Even though Christmas brings friends and family together, many people still experience loneliness, which can impact their health. The American Psychological Association reported that one in four Americans experiences loneliness during the holidays. But loneliness isn’t just a seasonal problem. Previous reports found that 35 percent of Americans over the age of 45 feel lonely all-year long.
The elderly are particularly vulnerable to feelings of loneliness during the holidays. As one UK study pointed out, at least five percent of seniors spent 2010 Christmas alone. Caroline Abrahams from Age UK said, “For many people, the festive season is filled with joy and happiness, a magical time to spend with their loved ones. Yet for many older people, Christmas is a thoroughly miserable time that reinforces their feelings of loss and loneliness.”

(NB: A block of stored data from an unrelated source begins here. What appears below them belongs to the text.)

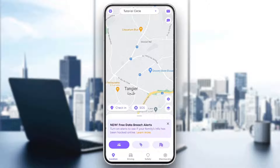As you can see guys, I am right now in Life360, and this is how the homepage looks like. So right here in the bottom, you're going to find all of the sections. There is location, driving, safety, and also membership.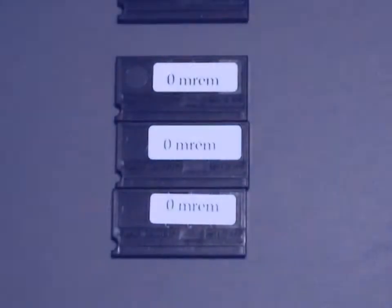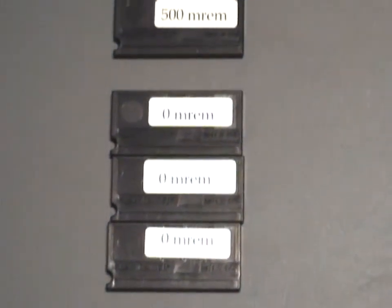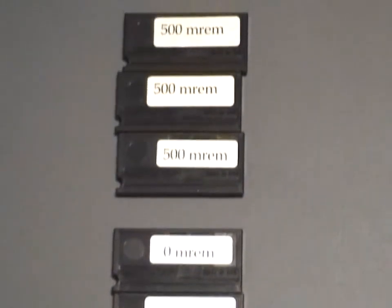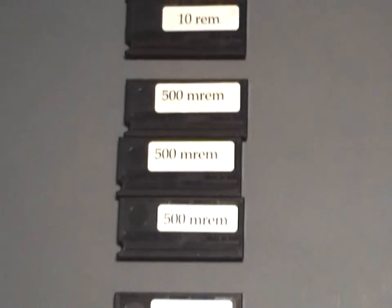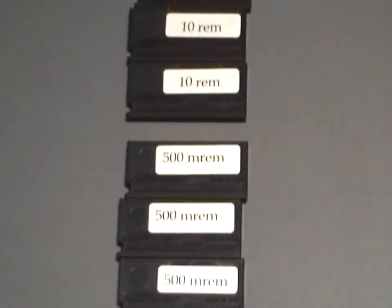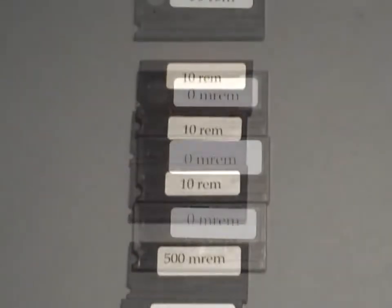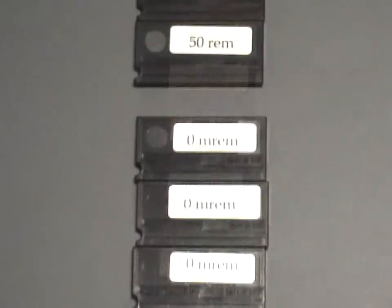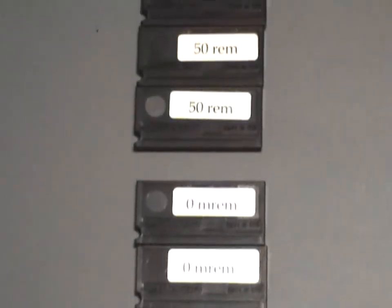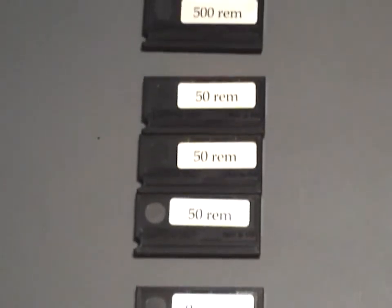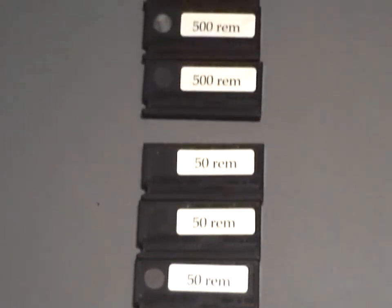The low-dose calibration consists of 0 millirem, 500 millirem, and 10 rem badges. The high-dose calibration consists of 0 millirem, 50 rem, and 500 rem badges.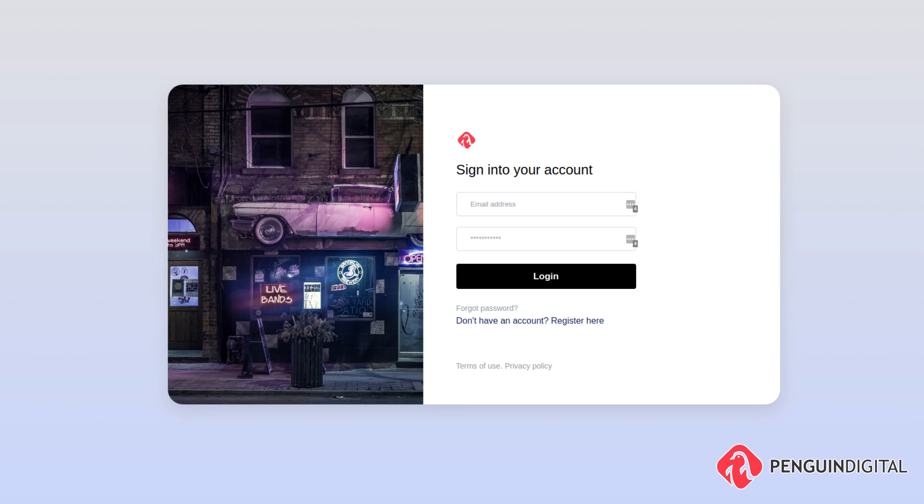In this series we're going to be taking a look at Laravel Fortify. Now Laravel Fortify is a new package for Laravel 8 which is a front-end agnostic authentication back-end scaffolding for Laravel. I know that can sound like a lot of word soup, but basically what this allows you to do is interact with Laravel's authentication scaffolding and you can use any front-end that you want.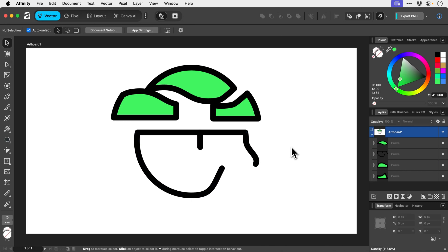So yeah, whether it's slicing up shapes or making cuts in paths, the knife tool in Affinity is the one you want to use.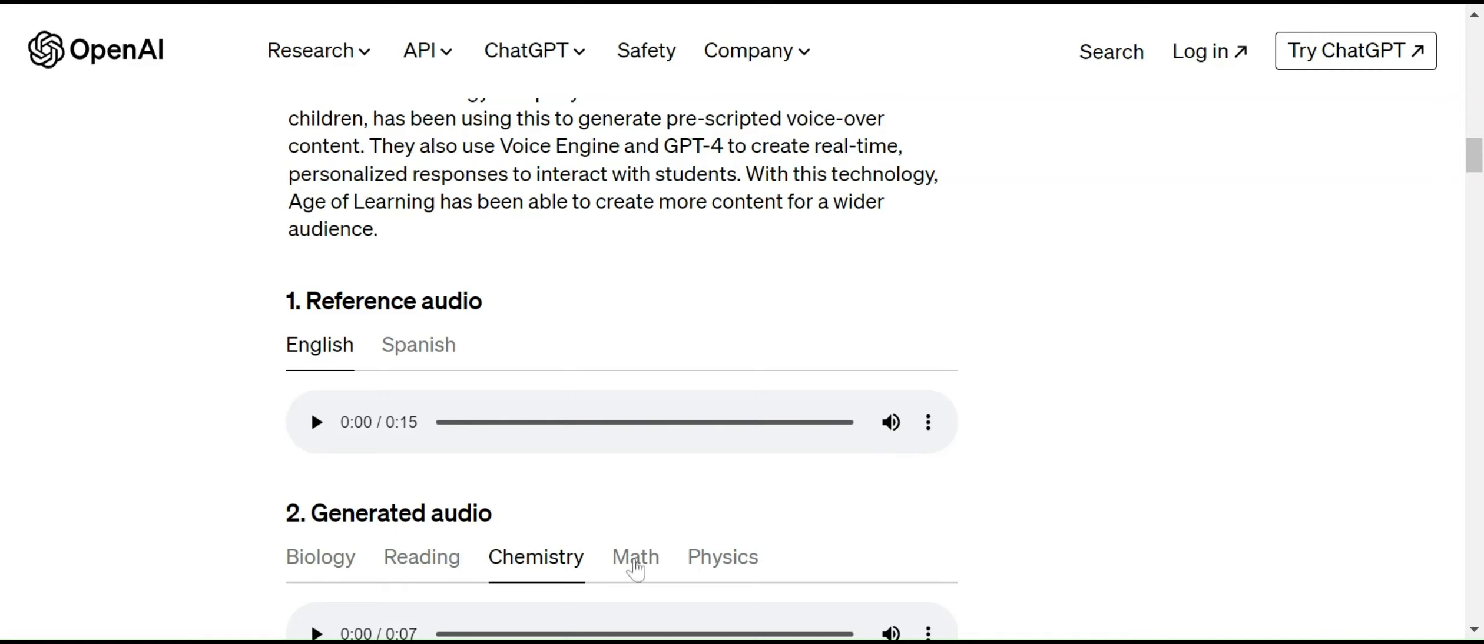Let me play this demo first. 'Force is a push or pull that can make an object move, stop, or change direction. Imagine you're riding a bike down a hill.'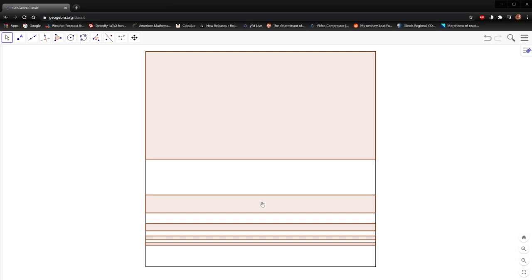We can keep on going like this. The sixth partial sum is going to be the area of the 3 shaded rectangles. The eighth partial sum is the area of these first four shaded rectangles. The tenth partial sum is the area of five shaded rectangles. This pattern continues ad infinitum — the partial sums are given by adding up the areas of these little strips.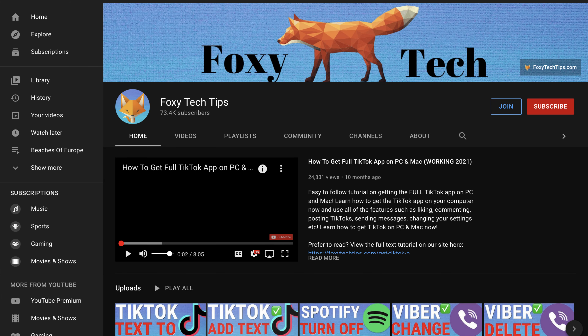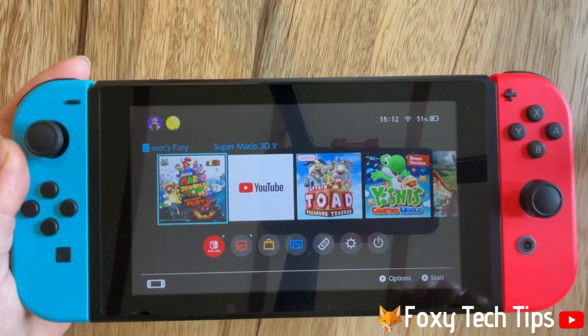Welcome to a Foxy Tech Tips tutorial on redownloading deleted apps and games to your Nintendo Switch. If you find this tutorial helpful, please consider subscribing to my channel and liking the video.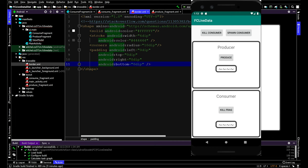So we got these two fragments: producer and a consumer fragment. Producer is going to produce a number that's going to be consumed by the consumer. And then check out some of these dynamics.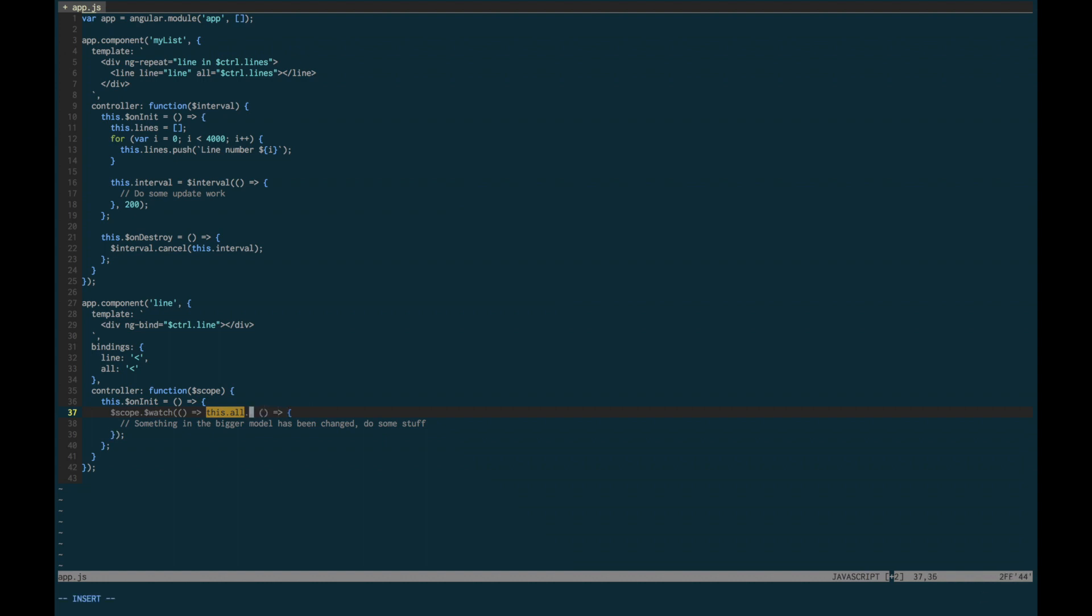Maybe I can just deeply watch something like foo.bar, which is a lot smaller, and so the watch will be faster. Maybe you can just say I don't need this deep watch at all.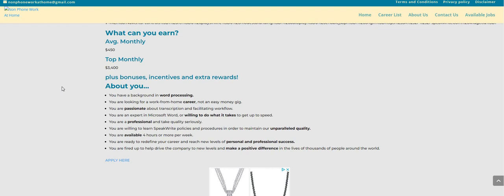You are a professional and take quality seriously. You are willing to learn Speak Write policies and procedures. You are available four hours or more per week, which is very doable. You are ready to redefine your career and reach new levels of personal and professional success. You are fired up to help drive the company to new levels and make a positive difference in the lives of thousands of people around the world.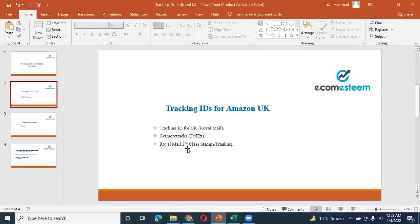Next is the Royal Mail Second Class Stamps ranking. When we do the tracking ID, Royal Mail and others have a 2nd Class Stamps ranking. When we do the tracking ID with this, Amazon does not raise an issue because the Royal Mail Second Class Stamps ranking is tracking-ID exempt. So you can use these three options in the UK.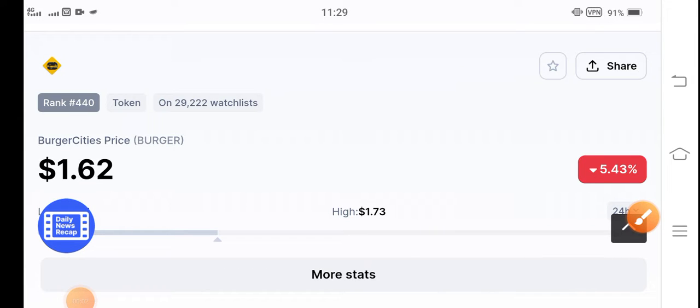Hello burger token holders. How are you? Hope you're fine now and feeling well. Welcome back to the latest update video about burger token. What's going on with burger token?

The UK mental health organization described loneliness as, “not feeling part of the world. You might be surrounded by loads of people, but you are still lonely.” There are numerous reasons why people may feel lonely, from personal circumstances to relationship break-ups or even moving to a new area. Being excluded from social activities can also contribute to loneliness, whether it is due to a lack of funding or even mobility problems.
In older adults, loneliness can increase due to children leaving the house and starting their own families, making visits less and less frequent.
Loneliness has detrimental effects on mental health, including raising the risk of depression and anxiety. One study found that those who experience minimal face-to-face time with others double their risk of depression.
Loneliness is also associated with cognitive decline issues, such as Alzheimer’s disease, and can harm physical health as well.
These tips can help reduce the effects of loneliness and combat being lonely:
- Make contact with friends and family through phone calls, visitations or even the computer.
- Head out for a walk to feel more connected.
- Start conversations with neighbors.
- Volunteer your time, join a group or get involved in local activities.
- Meet people online.
Marcus Rand, director of Campaign to End Loneliness, said, “We can play a role in supporting local older people to avoid loneliness – for example, by visiting them, calling them or offering help with transport to get out and about. You could offer support with using the Internet to help stay connected with friends and family, or let them know about social activities going on in their local area.”